PepperPose: Full-Body Pose Estimation with a Companion Robot
(CHI '24) Chongyang Wang, Siqi Zheng, Lingxiao Zhong, Chun Yu, Chen Liang, Yuntao Wang, Yuan Gao*, Tin Lun Lam, Yuanchun Shi
Abstract
Accurate full-body pose estimation across diverse actions in a user friendly and location-agnostic manner paves the way for interactive applications in realms like sports, fitness, and healthcare. This task becomes challenging in real-world scenarios due to factors like the user’s dynamic positioning, the diversity of actions, and the varying acceptability of the pose-capturing system. In this context, we present PepperPose, a novel companion robot system tailored for optimized pose estimation.

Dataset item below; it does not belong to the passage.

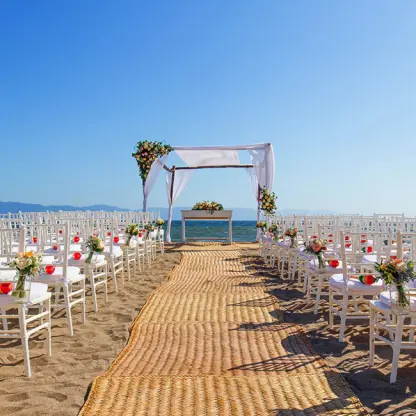 Beachfront wedding ceremony with white chairs and floral arch at Velas Vallarta, Puerto Vallarta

Unlike traditional methods, PepperPose actively tracks the user and refines its viewpoint, facilitating enhanced pose accuracy across different locations and actions. This allows users to enjoy a seamless action-sensing experience. Our evaluation, involving 30 participants undertaking daily functioning and exercise actions in a home-like space, underscores the robot’s promising capabilities. Moreover, we demonstrate the opportunities that PepperPose presents for human-robot interaction, its current limitations, and future developments.